Beaucoup de libraires vous parlent de la rentrée littéraire avec des étoiles dans les yeux. Personnellement, je suis beaucoup moins enthousiaste... Kôa ! Tu n'as pas lu les 560 nouveautés de la rentrée ?!? 

Bref. - je suis très "bref", en ce moment. c'est mieux que "Au jour d'aujourd'hui", me direz-vous.

Un de mes plaisirs de la rentrée (j'en ai quand même), outre le fait de bazarder plein de titres au retour pour pouvoir caser les 560 nouveautés, c'est quand mes chouchous sortent un nouveau livre. Mes chouchous, entre autres : Claudie Hunzinger, Jim Harrison (une nouveauté posthume en septembre : Le vieux saltimbanque !!! Un récit presque autobiographique de surcroît !), Craig Johnson (plutôt au printemps), Joe Lansdale (plus rare), et Anne Percin !

Bref.

Sous la Vague... Cela commmence avec un patron un peu largué. Bertrand Berger-Laffite est l'héritier d'une propriété de Cognac. La catastrophe de Fukushima menace son entreprise - car Bertrand a toujours voulu se démarquer des autres maisons en concentrant son marché vers le Japon plutôt que les États-Unis...- , son ex-femme le trahit avec l'actionnaire principal, sa fille tombe enceinte d'un ouvrier syndicaliste, et une corneille s'est coincée dans le conduit de la cheminée de sa cuisine...

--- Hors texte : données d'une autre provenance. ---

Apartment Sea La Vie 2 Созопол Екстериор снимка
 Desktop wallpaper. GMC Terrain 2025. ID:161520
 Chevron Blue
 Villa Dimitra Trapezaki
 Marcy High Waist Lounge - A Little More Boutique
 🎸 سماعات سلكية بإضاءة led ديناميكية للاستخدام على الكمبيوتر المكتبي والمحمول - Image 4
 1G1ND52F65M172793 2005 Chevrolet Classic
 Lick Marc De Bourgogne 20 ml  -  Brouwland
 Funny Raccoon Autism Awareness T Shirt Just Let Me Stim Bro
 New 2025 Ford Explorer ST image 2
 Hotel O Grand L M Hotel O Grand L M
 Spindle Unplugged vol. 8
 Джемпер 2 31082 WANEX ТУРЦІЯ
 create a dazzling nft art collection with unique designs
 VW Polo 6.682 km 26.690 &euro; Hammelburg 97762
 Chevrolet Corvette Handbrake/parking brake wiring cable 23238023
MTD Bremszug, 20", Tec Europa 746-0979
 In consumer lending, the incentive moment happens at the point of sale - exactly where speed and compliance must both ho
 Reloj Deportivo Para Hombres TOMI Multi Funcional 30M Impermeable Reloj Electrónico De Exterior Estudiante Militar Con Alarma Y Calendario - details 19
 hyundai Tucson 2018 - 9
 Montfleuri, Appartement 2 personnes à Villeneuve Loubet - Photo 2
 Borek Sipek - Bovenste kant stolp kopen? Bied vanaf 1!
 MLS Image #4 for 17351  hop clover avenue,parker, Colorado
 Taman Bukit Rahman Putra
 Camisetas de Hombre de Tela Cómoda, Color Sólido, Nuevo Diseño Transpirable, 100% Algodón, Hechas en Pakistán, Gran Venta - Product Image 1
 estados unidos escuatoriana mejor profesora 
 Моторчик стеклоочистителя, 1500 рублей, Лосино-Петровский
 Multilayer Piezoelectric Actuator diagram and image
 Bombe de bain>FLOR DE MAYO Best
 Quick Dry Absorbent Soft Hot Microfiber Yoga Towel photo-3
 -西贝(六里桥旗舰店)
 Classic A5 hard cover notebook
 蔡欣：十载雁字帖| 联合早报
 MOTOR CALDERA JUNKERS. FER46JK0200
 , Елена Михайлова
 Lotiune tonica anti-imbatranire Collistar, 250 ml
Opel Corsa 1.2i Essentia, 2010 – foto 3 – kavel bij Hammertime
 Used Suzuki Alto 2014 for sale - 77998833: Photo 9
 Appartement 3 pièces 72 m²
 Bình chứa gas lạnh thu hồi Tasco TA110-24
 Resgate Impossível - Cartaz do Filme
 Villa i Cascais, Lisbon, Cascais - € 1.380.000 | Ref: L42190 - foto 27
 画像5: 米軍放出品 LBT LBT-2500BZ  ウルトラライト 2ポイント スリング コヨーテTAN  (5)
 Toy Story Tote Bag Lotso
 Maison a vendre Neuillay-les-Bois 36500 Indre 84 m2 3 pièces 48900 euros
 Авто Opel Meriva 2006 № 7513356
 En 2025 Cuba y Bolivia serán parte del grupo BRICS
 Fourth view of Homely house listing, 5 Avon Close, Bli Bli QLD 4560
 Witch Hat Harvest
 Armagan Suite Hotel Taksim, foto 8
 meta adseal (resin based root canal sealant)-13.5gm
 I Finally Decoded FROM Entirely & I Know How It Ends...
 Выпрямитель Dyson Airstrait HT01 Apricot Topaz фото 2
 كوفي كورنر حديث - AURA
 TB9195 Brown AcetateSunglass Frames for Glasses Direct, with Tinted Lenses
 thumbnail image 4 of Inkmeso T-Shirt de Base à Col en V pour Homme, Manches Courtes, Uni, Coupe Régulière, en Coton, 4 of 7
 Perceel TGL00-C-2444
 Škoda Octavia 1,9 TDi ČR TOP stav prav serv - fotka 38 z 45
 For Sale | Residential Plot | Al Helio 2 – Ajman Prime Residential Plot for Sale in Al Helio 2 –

"Olivia va avoir un bébé. Vous saviez ça ? Les actionnaires se débinent, la maison se casse la figure. Et j'ai une corneille dans le tuyau. Qu'est-ce que je vais faire ?"

Et que fait Bertrand ? Pas grand chose, enfin presque... Il préfère se perdre dans les vieilles estampes japonaises accrochées dans son bureau pendant les grandes réunions de crise, il sauve un faon blessé par sa voiture, il découvre les joies du cannabis par l'entremise de son chauffeur, Eddy. C'est d'ailleurs un drôle d'oiseau que cet Eddy, un tatoué aux mains couvertes de bagouzes...

On pourrait penser que ce Bertrand n'est pas très crédible dans le rôle de bourgeois plutôt hors norme, qui défriserait Manuel Macron et Pierre Gattaz réunis, et pourtant on y croit et on adhère car ce personnage est tout sauf caricatural. L'histoire vire vers la comédie, avec des scènes qui m'ont bien fait rire et d'autres qui m'ont émue. 

"Au fond, il avait un esprit romanesque."

Le roman d'Anne Percin n'est pas qu'un simple "feelgoodbook". Ce terme est très à la mode en ce moment mais il m'horripile car il est très réducteur et ce roman me semble plus subtil que cela. On ne sait pas trop où va nous mener cette histoire, mais l'auteur arrive toujours à vous surprendre, même en s'inspirant d'une actualité plutôt morose, et c'est aussi cela que j'aime chez elle.

Alors lisez vite ce livre, et vous aurez le plaisir de goûter toute la saveur de la citation au début de l'article.

J'en profite aussi pour vous signaler la sortie en poche de son précédent livre, Les Singuliers, un (magnifique) roman épistolaire qui vous plonge dans l'effervescence artistique de la fin du XIXème siècle, autour de Gauguin, Van Gogh... Je mets en lien l'article que j'avais fait lors de sa sortie à la fin de celui-ci.

-> Sous la vague, Anne Percin, Le Rouergue, 18.80€ ; Les Singuliers, Babel Poche, 9.50€.

-> A propos des Singuliers. Désolée pour les publicités présentes mais le blog sur lequel je l'ai écrit n'est plus d'actualité.

-> Site de l'éditeur ; Blog d'Anne Percin (très intéressant pour connaître les coulisses du métier d'auteur).

Il ne savait pas ce qu'il était venu chercher. Le réconfort, la chaleur animale, il n'y pensait pas en ces termes. C'était autre chose, quelque chose de très ancien, de très pur, un file d'eau rare qui coulait du plus profond comme s'il cachait depuis toujours en lui une source, et que ce filet d'eau vint à rencontrer une autre rivière plus large. Et dans cette rivière il avait hâte de se jeter, comme il le faisait chaque soir en secret depuis trois mois. Sans savoir s'il parviendrait cette fois à retrouver la sensation de paix et d'enchantement puisé dans l'odeur de la fourrure, du sang séché et de la terre, l'odeur d'humus et de paille où il finissait par enfouir son grand nez fait pour sentir la volupté de la nature."